» **EXERCISE DESCRIPTION**
Once the line holding "999 Brentford Drive, Columbus, OH" is found in the listing below, write it out and each later line exactly, up to and including the one holding "Золотое кольцо с бриллиантом 17р".
============================================================
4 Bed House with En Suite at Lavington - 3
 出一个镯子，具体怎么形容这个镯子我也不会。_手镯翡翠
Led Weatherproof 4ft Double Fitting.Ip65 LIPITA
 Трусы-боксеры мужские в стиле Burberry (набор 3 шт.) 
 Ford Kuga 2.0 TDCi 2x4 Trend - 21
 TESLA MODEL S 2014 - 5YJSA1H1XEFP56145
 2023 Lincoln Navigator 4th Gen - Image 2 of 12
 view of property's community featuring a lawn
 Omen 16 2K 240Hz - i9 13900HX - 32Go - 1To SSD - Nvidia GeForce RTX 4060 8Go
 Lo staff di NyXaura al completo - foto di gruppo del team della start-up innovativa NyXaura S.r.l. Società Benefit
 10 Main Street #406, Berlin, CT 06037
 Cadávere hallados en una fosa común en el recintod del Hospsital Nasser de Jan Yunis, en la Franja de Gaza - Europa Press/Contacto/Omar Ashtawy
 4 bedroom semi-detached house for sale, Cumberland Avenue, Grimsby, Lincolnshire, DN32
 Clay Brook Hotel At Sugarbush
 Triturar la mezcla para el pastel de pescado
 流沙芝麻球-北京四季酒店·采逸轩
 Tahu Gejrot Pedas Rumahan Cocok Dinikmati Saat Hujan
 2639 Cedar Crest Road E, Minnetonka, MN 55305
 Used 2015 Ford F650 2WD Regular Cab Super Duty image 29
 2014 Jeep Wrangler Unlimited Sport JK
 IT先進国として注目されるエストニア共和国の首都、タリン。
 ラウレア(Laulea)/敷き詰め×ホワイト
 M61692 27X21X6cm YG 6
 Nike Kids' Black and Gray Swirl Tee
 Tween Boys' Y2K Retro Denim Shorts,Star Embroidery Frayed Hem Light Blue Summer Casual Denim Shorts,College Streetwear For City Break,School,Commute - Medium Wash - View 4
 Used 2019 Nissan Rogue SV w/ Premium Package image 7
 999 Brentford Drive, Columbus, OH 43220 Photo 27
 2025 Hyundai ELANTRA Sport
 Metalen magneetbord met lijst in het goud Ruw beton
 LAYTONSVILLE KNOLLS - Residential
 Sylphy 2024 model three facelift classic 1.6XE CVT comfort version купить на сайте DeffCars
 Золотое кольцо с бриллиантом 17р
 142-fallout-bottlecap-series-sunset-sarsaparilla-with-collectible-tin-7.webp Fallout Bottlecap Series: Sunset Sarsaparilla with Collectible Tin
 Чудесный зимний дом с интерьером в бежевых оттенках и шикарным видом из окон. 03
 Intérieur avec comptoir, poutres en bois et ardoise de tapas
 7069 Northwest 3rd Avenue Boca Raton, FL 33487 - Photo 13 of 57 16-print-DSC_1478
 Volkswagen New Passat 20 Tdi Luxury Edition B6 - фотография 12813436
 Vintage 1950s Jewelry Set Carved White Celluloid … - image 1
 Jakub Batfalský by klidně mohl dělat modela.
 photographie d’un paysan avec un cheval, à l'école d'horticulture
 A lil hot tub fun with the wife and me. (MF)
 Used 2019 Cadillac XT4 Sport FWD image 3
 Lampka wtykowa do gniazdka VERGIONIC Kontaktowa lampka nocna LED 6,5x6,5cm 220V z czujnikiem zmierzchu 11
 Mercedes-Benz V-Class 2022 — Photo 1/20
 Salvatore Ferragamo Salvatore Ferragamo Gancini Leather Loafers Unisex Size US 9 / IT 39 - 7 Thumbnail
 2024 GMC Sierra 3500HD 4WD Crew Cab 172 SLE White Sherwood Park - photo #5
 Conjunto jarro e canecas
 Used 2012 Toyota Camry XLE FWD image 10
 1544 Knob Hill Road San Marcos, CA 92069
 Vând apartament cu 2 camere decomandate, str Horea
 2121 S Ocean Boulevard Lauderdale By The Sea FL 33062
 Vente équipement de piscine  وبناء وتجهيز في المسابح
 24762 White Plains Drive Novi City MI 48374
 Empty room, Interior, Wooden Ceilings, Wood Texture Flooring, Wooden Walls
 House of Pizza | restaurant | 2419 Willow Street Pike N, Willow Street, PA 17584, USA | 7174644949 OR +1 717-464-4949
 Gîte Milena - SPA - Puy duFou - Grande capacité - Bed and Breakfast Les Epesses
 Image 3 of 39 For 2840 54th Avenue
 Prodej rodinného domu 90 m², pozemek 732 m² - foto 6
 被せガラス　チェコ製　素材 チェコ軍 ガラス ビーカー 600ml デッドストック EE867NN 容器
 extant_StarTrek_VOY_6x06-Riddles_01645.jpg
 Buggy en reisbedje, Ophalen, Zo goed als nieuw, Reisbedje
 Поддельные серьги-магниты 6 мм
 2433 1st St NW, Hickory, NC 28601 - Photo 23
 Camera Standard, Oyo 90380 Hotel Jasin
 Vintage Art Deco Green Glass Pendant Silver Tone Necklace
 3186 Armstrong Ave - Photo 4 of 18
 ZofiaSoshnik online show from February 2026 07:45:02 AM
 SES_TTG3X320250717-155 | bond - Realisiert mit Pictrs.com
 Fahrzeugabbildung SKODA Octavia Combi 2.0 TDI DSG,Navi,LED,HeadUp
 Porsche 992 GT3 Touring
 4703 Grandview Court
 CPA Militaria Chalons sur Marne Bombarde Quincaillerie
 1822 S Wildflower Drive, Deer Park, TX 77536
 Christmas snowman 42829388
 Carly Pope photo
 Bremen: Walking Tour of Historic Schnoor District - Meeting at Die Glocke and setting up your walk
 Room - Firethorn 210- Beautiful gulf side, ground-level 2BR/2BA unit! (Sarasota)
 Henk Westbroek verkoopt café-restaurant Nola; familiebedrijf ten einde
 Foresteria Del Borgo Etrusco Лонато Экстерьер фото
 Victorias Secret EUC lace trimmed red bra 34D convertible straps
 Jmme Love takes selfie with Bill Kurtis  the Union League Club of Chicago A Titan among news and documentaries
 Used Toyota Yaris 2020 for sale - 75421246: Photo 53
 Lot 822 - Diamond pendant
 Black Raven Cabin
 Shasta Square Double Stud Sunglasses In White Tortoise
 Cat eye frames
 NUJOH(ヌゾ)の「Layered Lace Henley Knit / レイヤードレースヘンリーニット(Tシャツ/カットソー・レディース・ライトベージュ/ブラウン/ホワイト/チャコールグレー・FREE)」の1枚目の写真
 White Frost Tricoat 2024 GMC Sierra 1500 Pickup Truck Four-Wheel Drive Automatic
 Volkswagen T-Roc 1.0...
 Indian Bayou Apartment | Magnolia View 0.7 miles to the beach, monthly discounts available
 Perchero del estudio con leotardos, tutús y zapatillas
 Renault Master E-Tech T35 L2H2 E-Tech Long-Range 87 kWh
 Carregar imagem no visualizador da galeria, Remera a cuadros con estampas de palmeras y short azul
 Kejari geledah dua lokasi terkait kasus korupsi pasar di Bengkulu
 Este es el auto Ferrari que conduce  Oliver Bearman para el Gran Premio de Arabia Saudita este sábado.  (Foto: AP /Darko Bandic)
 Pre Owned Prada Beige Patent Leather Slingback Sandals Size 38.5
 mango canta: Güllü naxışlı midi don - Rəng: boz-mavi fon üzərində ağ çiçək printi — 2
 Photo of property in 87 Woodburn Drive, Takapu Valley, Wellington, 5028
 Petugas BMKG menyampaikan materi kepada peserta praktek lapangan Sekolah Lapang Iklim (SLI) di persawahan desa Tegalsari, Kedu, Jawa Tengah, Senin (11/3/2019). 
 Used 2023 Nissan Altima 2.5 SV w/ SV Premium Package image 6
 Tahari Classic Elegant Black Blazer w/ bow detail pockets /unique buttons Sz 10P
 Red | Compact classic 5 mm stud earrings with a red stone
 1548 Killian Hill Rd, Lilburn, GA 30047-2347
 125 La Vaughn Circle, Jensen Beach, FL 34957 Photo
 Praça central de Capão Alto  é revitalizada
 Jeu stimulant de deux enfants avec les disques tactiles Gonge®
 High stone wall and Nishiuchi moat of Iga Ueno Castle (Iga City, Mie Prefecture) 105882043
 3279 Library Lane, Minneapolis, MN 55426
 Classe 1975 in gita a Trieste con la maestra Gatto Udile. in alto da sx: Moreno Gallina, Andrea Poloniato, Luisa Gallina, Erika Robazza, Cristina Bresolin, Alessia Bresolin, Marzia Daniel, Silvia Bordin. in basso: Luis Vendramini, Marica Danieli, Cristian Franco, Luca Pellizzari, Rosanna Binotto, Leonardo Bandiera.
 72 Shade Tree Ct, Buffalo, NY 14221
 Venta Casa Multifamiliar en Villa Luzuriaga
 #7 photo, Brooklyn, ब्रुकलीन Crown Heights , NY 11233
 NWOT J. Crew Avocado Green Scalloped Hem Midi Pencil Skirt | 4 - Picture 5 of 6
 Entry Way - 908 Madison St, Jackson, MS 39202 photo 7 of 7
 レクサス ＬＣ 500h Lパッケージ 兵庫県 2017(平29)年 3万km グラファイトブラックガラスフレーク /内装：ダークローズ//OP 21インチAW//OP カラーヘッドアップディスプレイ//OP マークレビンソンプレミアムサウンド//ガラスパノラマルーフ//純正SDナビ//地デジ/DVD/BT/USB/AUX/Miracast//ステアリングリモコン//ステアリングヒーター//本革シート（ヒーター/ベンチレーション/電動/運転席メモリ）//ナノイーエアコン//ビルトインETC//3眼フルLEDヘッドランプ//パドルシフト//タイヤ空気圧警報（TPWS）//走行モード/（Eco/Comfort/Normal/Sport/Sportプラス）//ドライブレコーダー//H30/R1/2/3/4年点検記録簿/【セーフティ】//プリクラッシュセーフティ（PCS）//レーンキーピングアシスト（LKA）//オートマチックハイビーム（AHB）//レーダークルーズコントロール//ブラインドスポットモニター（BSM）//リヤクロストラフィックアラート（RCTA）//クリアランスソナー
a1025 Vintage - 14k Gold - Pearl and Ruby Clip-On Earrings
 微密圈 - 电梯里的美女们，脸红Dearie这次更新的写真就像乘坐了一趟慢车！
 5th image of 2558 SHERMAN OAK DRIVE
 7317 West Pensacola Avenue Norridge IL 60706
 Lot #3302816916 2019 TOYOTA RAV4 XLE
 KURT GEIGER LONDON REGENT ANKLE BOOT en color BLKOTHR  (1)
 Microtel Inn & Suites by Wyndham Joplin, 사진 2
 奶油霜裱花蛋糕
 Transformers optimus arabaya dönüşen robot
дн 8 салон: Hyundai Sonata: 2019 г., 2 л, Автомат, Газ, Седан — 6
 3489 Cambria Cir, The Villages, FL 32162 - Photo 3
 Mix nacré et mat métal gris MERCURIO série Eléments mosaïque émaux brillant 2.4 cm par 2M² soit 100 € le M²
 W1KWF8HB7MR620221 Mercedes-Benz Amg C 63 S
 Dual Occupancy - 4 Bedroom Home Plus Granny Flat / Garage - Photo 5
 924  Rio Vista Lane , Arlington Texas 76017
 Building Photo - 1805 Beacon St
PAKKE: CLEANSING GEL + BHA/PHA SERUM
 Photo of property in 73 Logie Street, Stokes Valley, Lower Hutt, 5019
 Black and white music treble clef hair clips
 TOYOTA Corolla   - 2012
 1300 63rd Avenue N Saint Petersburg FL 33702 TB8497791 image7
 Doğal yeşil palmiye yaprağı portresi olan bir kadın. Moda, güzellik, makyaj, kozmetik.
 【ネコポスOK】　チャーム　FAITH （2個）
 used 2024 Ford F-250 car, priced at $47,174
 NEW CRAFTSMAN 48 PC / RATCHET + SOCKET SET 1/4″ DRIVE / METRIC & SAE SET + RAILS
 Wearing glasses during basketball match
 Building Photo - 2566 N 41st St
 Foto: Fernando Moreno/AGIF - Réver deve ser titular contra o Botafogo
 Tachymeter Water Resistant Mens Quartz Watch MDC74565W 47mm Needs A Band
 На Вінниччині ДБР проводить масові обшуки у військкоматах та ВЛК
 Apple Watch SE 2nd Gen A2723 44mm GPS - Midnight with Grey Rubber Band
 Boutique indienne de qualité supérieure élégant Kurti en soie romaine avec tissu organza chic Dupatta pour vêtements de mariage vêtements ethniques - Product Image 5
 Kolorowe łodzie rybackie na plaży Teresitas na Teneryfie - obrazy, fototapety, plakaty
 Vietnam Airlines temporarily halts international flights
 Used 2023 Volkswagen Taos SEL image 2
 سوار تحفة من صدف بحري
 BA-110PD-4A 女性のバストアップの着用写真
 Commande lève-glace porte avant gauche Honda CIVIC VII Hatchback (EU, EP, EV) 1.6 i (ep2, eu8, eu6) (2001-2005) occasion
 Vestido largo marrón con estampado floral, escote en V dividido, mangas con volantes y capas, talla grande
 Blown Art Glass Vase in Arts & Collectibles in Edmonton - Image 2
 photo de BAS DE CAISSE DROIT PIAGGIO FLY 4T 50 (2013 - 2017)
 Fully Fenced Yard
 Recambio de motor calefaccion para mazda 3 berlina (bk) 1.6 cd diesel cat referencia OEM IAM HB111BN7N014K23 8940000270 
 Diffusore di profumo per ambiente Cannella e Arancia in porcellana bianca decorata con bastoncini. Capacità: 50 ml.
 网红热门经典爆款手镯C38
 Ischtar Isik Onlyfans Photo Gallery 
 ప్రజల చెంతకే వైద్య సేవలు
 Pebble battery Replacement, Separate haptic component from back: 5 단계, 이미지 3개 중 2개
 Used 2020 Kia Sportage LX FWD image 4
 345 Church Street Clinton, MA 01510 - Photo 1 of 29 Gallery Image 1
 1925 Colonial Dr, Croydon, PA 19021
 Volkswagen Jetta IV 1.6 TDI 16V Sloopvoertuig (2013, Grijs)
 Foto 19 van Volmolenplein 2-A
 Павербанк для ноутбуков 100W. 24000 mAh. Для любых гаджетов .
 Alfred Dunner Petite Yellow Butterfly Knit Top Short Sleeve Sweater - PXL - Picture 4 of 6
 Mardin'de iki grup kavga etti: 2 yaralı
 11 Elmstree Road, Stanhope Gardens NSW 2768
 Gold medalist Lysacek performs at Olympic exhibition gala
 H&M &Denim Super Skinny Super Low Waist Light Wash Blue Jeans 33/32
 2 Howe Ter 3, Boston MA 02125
============================================================
» **RESPONSE FOR THIS EXERCISE**
 999 Brentford Drive, Columbus, OH 43220 Photo 27
 2025 Hyundai ELANTRA Sport
 Metalen magneetbord met lijst in het goud Ruw beton
 LAYTONSVILLE KNOLLS - Residential
 Sylphy 2024 model three facelift classic 1.6XE CVT comfort version купить на сайте DeffCars
 Золотое кольцо с бриллиантом 17р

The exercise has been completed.